Publicado em 13 de junho de 2013 às 07h48.

São Paulo - Poucas horas antes do Dia D, em 6 de junho de 1944, o general Dwight “Ike” Eisenhower, comandante supremo das Forças Aliadas, em mensagem aos soldados que estavam prestes a desembarcar nas praias francesas para retomar a Europa de Hitler, disse: “Os olhos do mundo estão sobre vocês!”

Durante a campanha na Europa, que terminou no ano seguinte com a capitulação da Alemanha, os olhos de Eisenhower se voltaram para algo completamente distinto: as estradas alemãs. O general americano se impressionou com o tamanho e a qualidade do sistema rodoviário do inimigo, que permitia a Hitler deslocar com rapidez tanques e tropas.

Era a confirmação de uma ideia que havia muito ocupava a mente de Ike: não se faz um grande país sem boas estradas. Em 1919, ele tinha feito parte do comboio de 81 veículos do Exército americano que levou dois meses para atravessar os Estados Unidos de costa a costa, numa ação que tinha como objetivo denunciar a deficiência da malha rodoviária americana.

Por isso, quando se tornou o 34º presidente dos Estados Unidos, em 1953, uma das primeiras grandes iniciativas de Ike foi criar a Lei de Ajuda Federal às Estradas de 1956: um projeto que, de 1956 a 1992, dotou o país de 66 000 quilômetros de rodovias duplicadas — as chamadas autoestradas, mais ágeis e seguras do que as vias de pistas simples. Hoje, a rede americana de autoestradas cruza o país em todas as direções, somando um total de 75 200 quilômetros.

Enquanto os Estados Unidos montavam um dos maiores sistemas rodoviários do mundo, o Brasil pouco fez.
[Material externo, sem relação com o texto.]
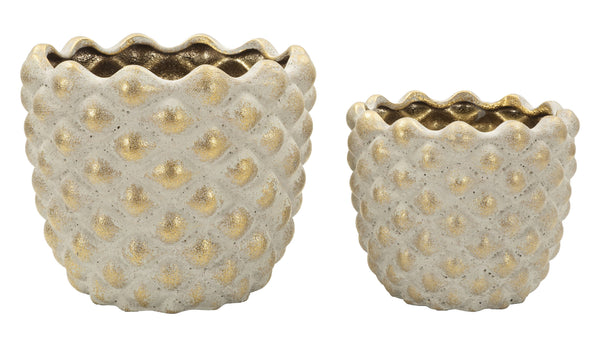 Juego de 2 maceteros de cerámica marrón Ø 23x18 y 18,5x15,5 cm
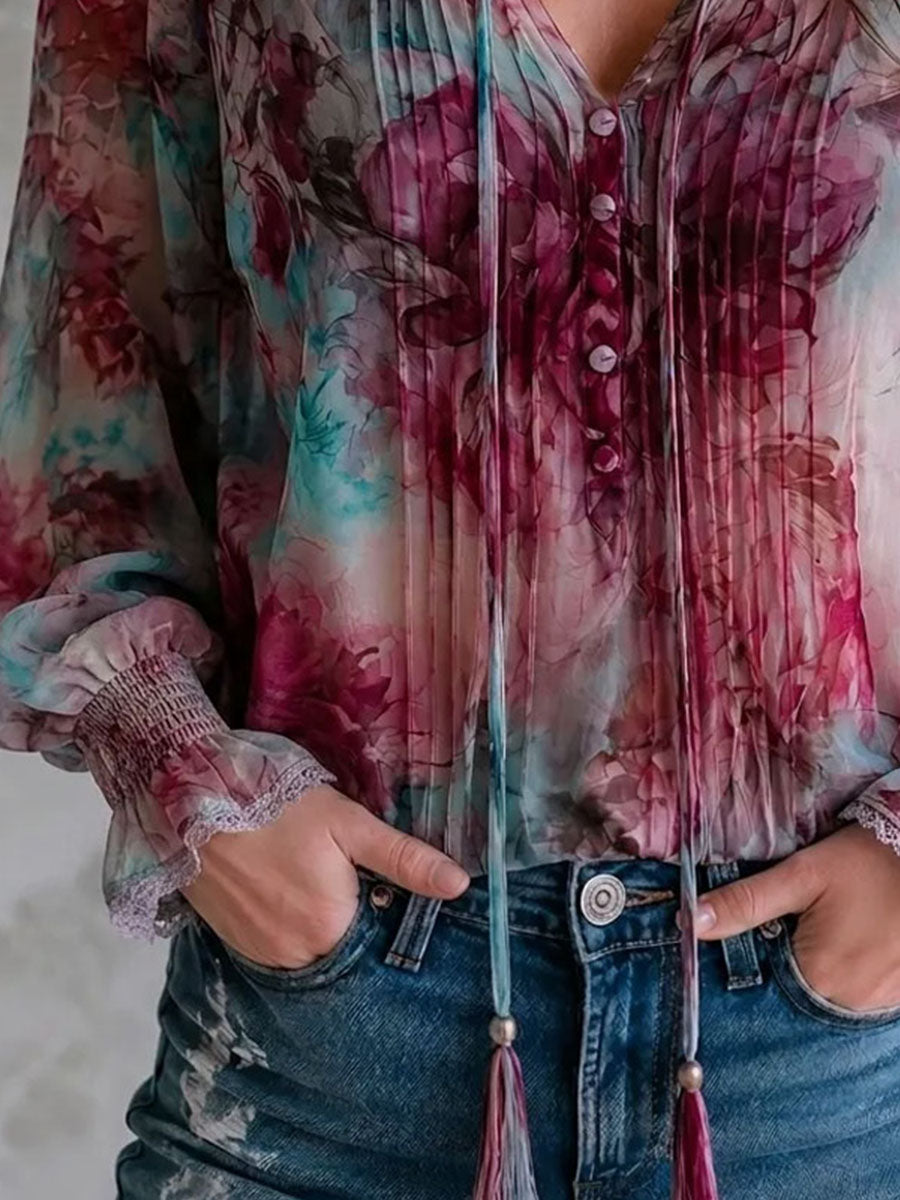 Boho Floral Print Tassel Tie Smocked Cuff Long Sleeve Blouse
Temos apenas 11 000 quilômetros de  estradas duplicadas, a maioria concentrada no centro-sul do país. Apenas o estado de São Paulo conta com uma densidade de autoestradas que se aproxima do caso americano.

Nove estados brasileiros não têm nenhum quilômetro sequer desse tipo de rodovia. No total, a malha brasileira é de 212 000 quilômetros de vias pavimentadas — quase um vigésimo da extensão americana, de 4,2 milhões.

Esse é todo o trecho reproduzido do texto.